Data extract =>
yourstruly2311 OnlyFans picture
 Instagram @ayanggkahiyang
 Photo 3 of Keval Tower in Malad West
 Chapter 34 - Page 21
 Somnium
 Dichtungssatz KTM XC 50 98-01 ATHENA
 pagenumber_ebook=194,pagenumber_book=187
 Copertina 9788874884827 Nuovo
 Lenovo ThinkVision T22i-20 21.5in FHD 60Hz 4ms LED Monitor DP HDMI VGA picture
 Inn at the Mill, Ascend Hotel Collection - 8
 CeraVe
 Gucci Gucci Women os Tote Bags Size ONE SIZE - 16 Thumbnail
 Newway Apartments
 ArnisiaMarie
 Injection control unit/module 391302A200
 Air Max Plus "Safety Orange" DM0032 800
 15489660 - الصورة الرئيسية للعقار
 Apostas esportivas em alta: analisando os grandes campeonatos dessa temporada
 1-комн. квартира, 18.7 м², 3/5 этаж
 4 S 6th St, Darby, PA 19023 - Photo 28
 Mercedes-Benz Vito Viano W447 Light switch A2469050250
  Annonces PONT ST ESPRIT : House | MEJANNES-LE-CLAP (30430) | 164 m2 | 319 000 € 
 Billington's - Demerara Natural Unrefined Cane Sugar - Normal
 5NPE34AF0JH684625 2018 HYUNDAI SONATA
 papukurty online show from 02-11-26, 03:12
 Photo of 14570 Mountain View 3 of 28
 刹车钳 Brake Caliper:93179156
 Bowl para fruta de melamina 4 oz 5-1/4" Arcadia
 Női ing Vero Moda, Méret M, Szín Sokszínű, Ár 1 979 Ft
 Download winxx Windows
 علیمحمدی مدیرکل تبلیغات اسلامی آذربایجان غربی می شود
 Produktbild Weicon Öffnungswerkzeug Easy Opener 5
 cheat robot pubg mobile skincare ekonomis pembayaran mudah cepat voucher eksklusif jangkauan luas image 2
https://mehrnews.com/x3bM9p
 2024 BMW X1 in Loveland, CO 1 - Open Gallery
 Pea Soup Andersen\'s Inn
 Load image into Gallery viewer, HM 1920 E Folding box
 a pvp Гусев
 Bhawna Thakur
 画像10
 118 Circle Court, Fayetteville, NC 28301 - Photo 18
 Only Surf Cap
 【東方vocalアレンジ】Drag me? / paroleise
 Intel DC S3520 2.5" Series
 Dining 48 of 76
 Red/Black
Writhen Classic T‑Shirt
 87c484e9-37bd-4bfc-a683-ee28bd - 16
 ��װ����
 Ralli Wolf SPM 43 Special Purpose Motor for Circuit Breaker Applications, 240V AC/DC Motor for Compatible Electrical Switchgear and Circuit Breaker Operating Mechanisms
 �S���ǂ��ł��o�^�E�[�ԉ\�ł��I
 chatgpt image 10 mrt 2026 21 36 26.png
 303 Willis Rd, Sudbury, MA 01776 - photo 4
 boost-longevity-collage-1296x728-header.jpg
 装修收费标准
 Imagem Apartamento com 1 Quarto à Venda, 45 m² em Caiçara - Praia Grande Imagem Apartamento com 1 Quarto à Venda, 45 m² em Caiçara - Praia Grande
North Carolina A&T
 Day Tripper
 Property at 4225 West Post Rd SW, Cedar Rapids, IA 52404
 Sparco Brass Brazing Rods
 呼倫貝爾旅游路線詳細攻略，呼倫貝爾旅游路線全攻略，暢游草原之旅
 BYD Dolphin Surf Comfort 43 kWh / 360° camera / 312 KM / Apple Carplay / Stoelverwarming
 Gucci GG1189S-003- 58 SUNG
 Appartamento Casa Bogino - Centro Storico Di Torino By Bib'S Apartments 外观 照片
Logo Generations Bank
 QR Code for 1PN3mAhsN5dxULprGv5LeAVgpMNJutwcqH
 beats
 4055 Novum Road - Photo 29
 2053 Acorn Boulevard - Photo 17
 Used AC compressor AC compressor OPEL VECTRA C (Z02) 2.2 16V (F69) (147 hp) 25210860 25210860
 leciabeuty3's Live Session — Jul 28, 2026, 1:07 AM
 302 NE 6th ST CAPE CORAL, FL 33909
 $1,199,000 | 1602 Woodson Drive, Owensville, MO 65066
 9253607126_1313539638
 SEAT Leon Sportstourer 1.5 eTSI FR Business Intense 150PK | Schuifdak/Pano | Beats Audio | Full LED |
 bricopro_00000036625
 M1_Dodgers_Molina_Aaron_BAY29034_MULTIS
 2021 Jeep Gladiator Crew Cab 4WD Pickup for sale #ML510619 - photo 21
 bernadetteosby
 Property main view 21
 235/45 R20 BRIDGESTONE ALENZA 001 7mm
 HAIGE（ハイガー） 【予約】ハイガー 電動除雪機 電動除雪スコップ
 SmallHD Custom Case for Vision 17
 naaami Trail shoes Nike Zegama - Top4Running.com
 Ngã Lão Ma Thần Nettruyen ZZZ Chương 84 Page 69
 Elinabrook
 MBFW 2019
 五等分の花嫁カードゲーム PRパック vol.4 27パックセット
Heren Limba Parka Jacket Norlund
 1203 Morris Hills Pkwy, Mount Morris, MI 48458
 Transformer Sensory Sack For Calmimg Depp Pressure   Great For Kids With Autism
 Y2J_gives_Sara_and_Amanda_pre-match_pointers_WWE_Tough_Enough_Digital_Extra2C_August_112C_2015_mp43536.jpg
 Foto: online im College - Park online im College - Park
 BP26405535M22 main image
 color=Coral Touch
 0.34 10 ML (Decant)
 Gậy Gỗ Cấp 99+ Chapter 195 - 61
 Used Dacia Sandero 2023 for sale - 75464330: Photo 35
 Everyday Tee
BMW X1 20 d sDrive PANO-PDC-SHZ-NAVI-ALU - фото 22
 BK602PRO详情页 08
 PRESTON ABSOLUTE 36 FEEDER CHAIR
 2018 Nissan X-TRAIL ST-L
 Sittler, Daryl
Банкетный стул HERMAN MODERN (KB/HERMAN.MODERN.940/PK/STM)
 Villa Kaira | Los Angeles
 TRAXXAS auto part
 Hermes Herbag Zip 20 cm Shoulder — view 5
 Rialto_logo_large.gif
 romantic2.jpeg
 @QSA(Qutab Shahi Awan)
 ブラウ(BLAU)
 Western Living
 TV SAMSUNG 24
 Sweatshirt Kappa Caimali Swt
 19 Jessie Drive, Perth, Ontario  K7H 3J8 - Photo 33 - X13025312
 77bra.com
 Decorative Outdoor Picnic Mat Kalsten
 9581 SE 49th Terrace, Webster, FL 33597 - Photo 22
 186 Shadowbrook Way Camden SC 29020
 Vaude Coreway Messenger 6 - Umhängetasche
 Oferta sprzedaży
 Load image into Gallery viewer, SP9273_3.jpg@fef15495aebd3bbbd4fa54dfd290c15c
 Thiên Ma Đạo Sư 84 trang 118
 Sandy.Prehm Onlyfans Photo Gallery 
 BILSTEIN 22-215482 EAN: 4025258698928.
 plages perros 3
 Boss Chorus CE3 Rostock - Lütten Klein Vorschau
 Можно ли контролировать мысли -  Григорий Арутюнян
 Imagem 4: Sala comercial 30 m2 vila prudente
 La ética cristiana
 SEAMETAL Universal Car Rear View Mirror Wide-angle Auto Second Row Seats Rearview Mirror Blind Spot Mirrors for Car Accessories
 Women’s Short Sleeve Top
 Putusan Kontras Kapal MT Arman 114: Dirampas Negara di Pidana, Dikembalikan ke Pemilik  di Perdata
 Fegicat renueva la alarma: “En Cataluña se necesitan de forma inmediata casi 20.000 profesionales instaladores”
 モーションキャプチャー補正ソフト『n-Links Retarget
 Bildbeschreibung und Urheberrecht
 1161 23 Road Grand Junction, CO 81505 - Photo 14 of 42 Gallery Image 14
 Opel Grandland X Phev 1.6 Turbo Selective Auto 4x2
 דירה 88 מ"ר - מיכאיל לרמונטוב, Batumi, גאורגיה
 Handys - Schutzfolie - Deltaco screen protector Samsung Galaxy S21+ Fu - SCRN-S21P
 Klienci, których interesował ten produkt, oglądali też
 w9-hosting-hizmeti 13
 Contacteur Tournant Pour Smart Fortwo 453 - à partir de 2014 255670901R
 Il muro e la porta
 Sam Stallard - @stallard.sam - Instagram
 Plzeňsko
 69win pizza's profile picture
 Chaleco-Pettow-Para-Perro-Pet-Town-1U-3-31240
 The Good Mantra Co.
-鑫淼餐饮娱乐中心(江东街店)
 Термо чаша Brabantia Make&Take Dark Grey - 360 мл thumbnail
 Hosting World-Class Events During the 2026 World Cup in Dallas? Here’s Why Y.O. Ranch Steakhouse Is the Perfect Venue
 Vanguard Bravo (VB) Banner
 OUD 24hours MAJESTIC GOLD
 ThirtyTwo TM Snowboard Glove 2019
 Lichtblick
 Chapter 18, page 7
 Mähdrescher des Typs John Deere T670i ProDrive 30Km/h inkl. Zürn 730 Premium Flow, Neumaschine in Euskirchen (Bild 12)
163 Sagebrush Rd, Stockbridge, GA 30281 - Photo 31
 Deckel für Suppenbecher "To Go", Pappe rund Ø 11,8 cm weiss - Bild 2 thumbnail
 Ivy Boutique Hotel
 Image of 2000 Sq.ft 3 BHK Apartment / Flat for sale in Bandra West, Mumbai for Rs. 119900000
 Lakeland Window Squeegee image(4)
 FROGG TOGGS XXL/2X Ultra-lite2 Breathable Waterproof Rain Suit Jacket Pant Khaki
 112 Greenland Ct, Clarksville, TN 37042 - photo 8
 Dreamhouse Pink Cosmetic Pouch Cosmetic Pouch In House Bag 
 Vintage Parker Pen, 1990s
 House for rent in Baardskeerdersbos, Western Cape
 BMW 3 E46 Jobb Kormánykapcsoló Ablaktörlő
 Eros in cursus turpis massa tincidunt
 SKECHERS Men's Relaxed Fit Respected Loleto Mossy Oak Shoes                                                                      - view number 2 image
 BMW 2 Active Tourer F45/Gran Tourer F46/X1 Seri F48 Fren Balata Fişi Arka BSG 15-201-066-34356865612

Brief =>
Tally the lines in the records above that contain the word "Women", and give only that number.

Task answer =>
2